Lilly gambles on Dice

Lilly follows others into the oral autoimmune space, not long after its leader questioned the future of small molecules.

When Dice Therapeutics said in October that its oral IL-17 inhibitor DC-806 could rival Bristol Myers Squibb’s Sotyktu in psoriasis based on phase 1 data, the claims looked a little premature. But Lilly has clearly seen promise here, today acquiring Dice for $2.4bn.

The move reflects a broader shift in the autoimmune space from biologicals towards orals. It also comes a week after Lilly’s chief executive, David Ricks, complained that the Inflation Reduction Act was discouraging investment in small molecules.

The right small molecules can still command a good price, judging by today’s deal, which came at a 42% premium to Dice’s closing share price on Friday. As well as DC-806, Lilly will also gain Dice’s next-generation oral IL-17 DC-853, which looks more potent, and preclinical candidates including oral integrin inhibitors and a PD-L1 blocker. The first phase 1 data on DC-853, in healthy volunteers, are due in the second half of this year.

Roll on phase 2

Dice’s lead project, DC-806, is now in the phase 2 Illuminate dose-ranging trial in psoriasis, with results expected next year.

IL-17 is an established autoimmune target, with injectable antibodies including Novartis’s Cosentyx and Lilly’s own Taltz already approved.

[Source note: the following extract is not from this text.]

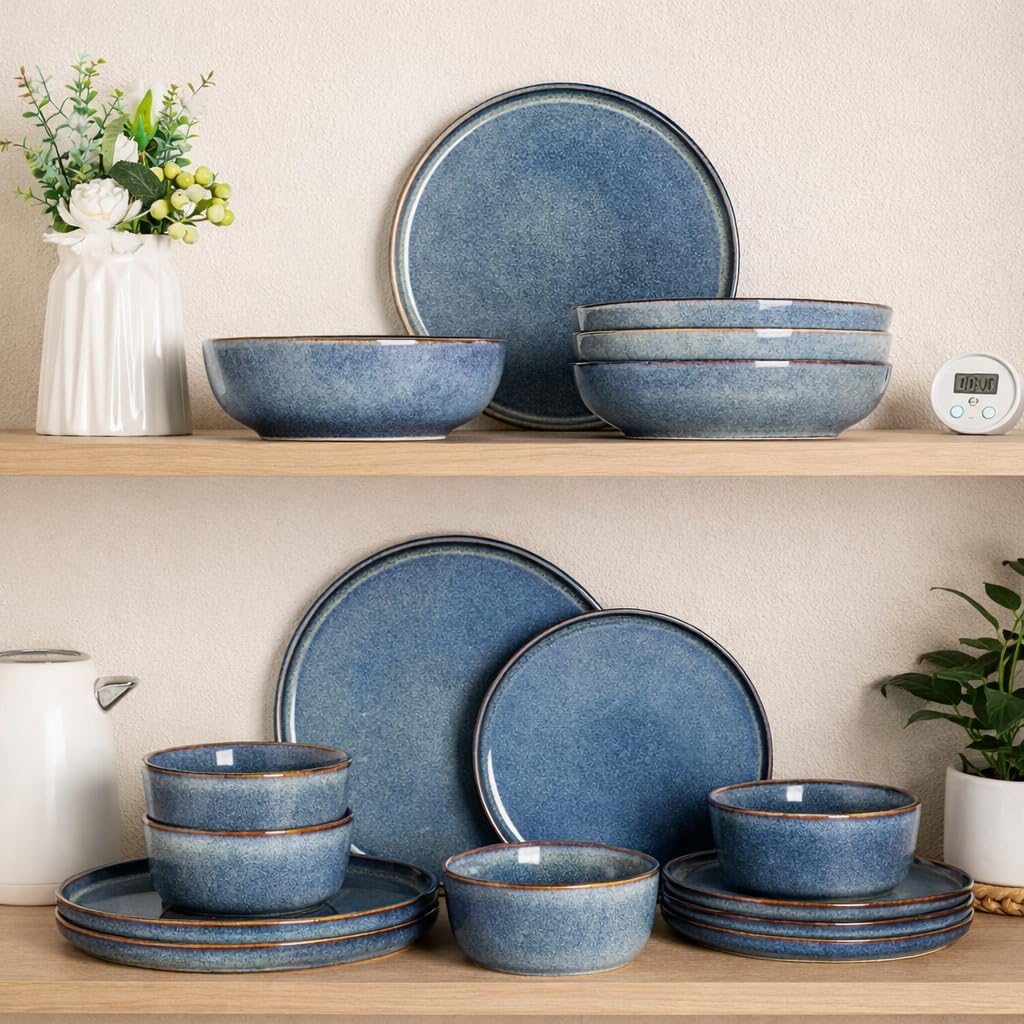 AmorArc Stoneware Dinnerware Sets,Round Reactive Glaze Ceramic Plates and Bowls Sets,Highly Scratch Resistant | Microwave & Dishwasher Safe,Service for 8 Dishes Set (24pc)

Companies have been trying to develop oral IL-17 inhibitors in a bid to improve compliance and push use into mild disease.

These attempts have not always succeededLilly previously discontinued its own oral contender, LY3509754, after discovering liver toxicity. DC-806 has so far sidestepped such issues.

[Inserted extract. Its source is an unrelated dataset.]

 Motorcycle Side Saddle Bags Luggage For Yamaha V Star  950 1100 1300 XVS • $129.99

Despite the existence of Taltz, Stifel analysts wrote today that they did not see any obvious FTC concerns – the antitrust regulator has been clamping down on deals recently. Lilly’s only other approved autoimmune product is Olumiant, an oral Jak inhibitor.

Jaks have been held back by their side effects, but other oral options are coming through, including drugs inhibiting Tyk2, a member of the Jak family. This space is led by the aforementioned Sotyktu, while Takeda paid Nimbus $4bn to get a Tyk2 contender last year.

Other targets of interest for oral developers include IL-23. Here, phase 2 psoriasis data are due at next month’s World Congress of Dermatology on Protagonist’s Johnson & Johnson-partnered JNJ-2113 (PN-235); the companies toplined the Frontier 1 trial as positive in March.

Competition in psoriasis is fierce, from injectables as well as orals, so Lilly will need its new projects to keep delivering in the clinic. In going early, the big pharma is taking a gamble – but if this pays off the group will end up looking canny.